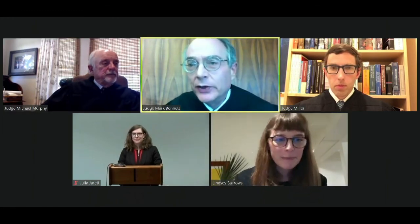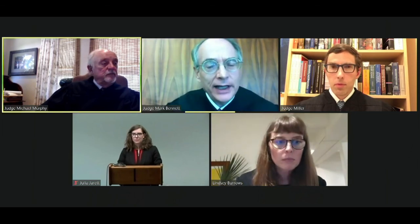Thank you, counsel. Judge Murphy, did you have any additional questions? No, I have nothing else. All right. We thank counsel for their helpful arguments and this case will be submitted.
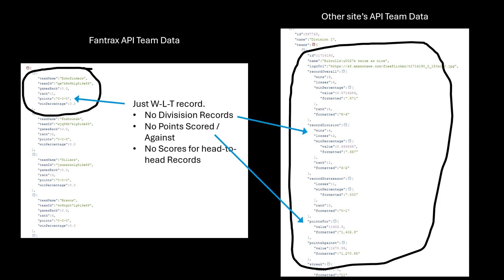For the Playoff Computer app, the important thing is that the Fantrax API doesn't provide any information that might be used in a standings tiebreaker for use in calculations. While Fantrax offers several different options for tiebreakers, including division records, points, and head-to-head, their API does not contain any of that information.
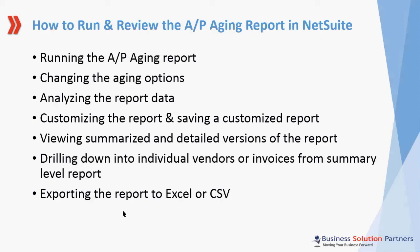Hi, welcome to the short training video on how to run and review the AP Aging Report in NetSuite. I'll show you how to run the AP Aging Report, how to change the aging options, I'll give an overview on how to analyze the report data, I'll show you how to customize the AP Aging Report and how to save the customized report.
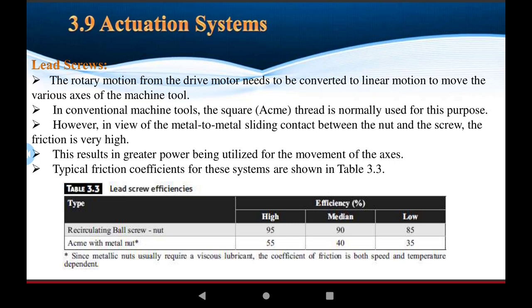For the metallic nut system, high efficiency is 55%, medium is 40%, and low efficiency is 35%. The metallic nut usually requires various lubrication. The coefficient of friction depends on speed and temperature. Friction is a function of the lubricating oils and grease used. Lubrication between the nut, bolt, and lead screw reduces friction and increases power transmission efficiency.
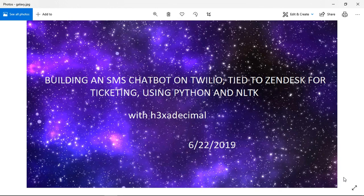Hopefully I can get a free Zendesk account and a free Twilio account and we can do this all without any upfront costs.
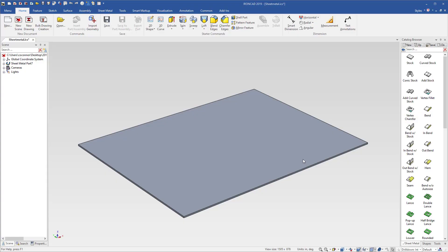IronCAD has made improvements to its sheet metal design, specifically on dropping bends onto your stock. In previous versions, when you go to the catalog to drop bends onto stock,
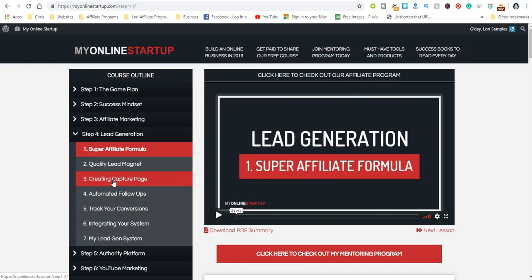You want to create automated follow-ups, track your conversions, and even after your conversions you still want to do follow-ups. You'll learn about integrating your system with My Lead Gen System, which is what he uses.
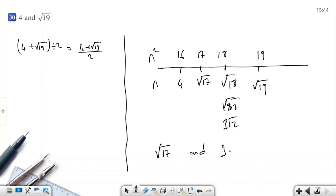So √17 and 3√2 are both between 4 and √19. We can find irrational numbers between these values. In summary, we can use the midpoint method by adding the numbers and dividing by 2. Or, if there are square root numbers involved, we can square the bounds and find integers in between, then take square roots to find numbers between the original values. Thanks for watching.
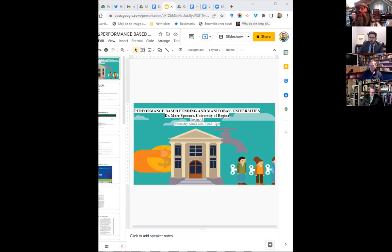In this struggle, what is at stake is nothing less than the heart and soul of our universities. As our democracy is revealed as increasingly fragile, these citizenship skills and habits of mind become all the more crucial and urgent to foster. I'm going to share my screen here.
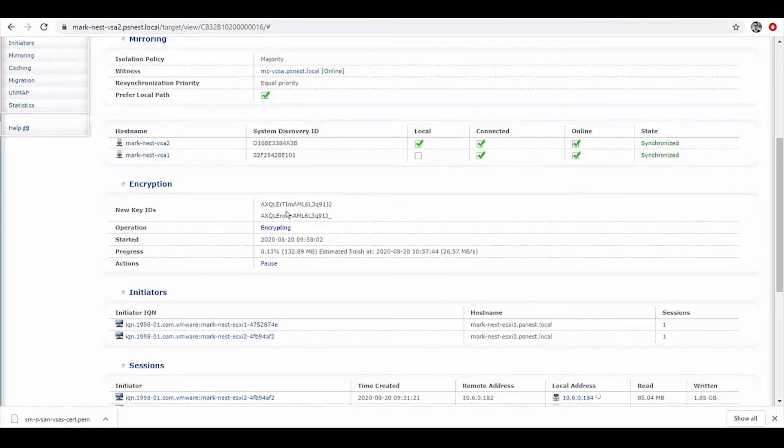Now here we can see the key IDs displayed. You can see there's two of those in order to be able to have a 512-bit key that's actually used to encrypt the volume, and it's a per-volume encryption per mirror effectively.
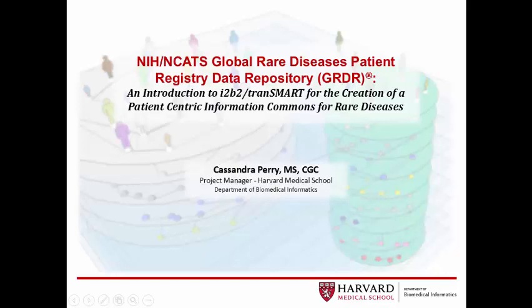Hello and welcome. In this presentation, I will be describing i2b2 tranSMART, the system currently being used for the Global Rare Disease Patient Registry Data Repository, or GRDR, by NIH's National Center for Advancing Translational Sciences, in conjunction with Harvard Medical School's Department of Biomedical Informatics.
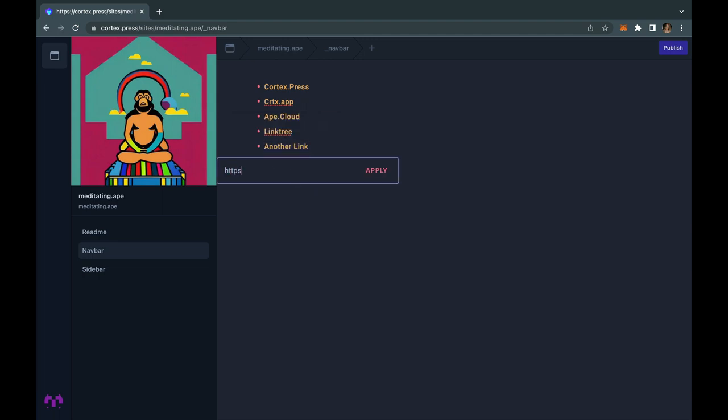You will want to use an unordered list to create your links. Remember to highlight and add a link, then input the site you would like your navbar link to send to.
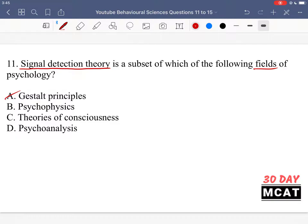Option B is correct. Psychophysics is relating psychology to physical signals that we perceive — any physical sensation such as touch or hearing, and how that relates to mental processes. That all falls under psychophysics, so option B is the correct answer.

•••

### [About this exercise]
What is needed is every record above, restated word for word, with the pictures left out.

### [Answer area]
Thank you, counsel. Judge Murphy, did you have any additional questions? No, I have nothing else. All right. We thank counsel for their helpful arguments and this case will be submitted.
For the Playoff Computer app, the important thing is that the Fantrax API doesn't provide any information that might be used in a standings tiebreaker for use in calculations. While Fantrax offers several different options for tiebreakers, including division records, points, and head-to-head, their API does not contain any of that information.
Hi, welcome to the short training video on how to run and review the AP Aging Report in NetSuite. I'll show you how to run the AP Aging Report, how to change the aging options, I'll give an overview on how to analyze the report data, I'll show you how to customize the AP Aging Report and how to save the customized report.
For the metallic nut system, high efficiency is 55%, medium is 40%, and low efficiency is 35%. The metallic nut usually requires various lubrication. The coefficient of friction depends on speed and temperature. Friction is a function of the lubricating oils and grease used. Lubrication between the nut, bolt, and lead screw reduces friction and increases power transmission efficiency.
Hopefully I can get a free Zendesk account and a free Twilio account and we can do this all without any upfront costs.
IronCAD has made improvements to its sheet metal design, specifically on dropping bends onto your stock. In previous versions, when you go to the catalog to drop bends onto stock,
You want to create automated follow-ups, track your conversions, and even after your conversions you still want to do follow-ups. You'll learn about integrating your system with My Lead Gen System, which is what he uses.
So √17 and 3√2 are both between 4 and √19. We can find irrational numbers between these values. In summary, we can use the midpoint method by adding the numbers and dividing by 2. Or, if there are square root numbers involved, we can square the bounds and find integers in between, then take square roots to find numbers between the original values. Thanks for watching.
In this struggle, what is at stake is nothing less than the heart and soul of our universities. As our democracy is revealed as increasingly fragile, these citizenship skills and habits of mind become all the more crucial and urgent to foster. I'm going to share my screen here.
Now here we can see the key IDs displayed. You can see there's two of those in order to be able to have a 512-bit key that's actually used to encrypt the volume, and it's a per-volume encryption per mirror effectively.
Hello and welcome. In this presentation, I will be describing i2b2 tranSMART, the system currently being used for the Global Rare Disease Patient Registry Data Repository, or GRDR, by NIH's National Center for Advancing Translational Sciences, in conjunction with Harvard Medical School's Department of Biomedical Informatics.
You will want to use an unordered list to create your links. Remember to highlight and add a link, then input the site you would like your navbar link to send to.
Option B is correct. Psychophysics is relating psychology to physical signals that we perceive — any physical sensation such as touch or hearing, and how that relates to mental processes. That all falls under psychophysics, so option B is the correct answer.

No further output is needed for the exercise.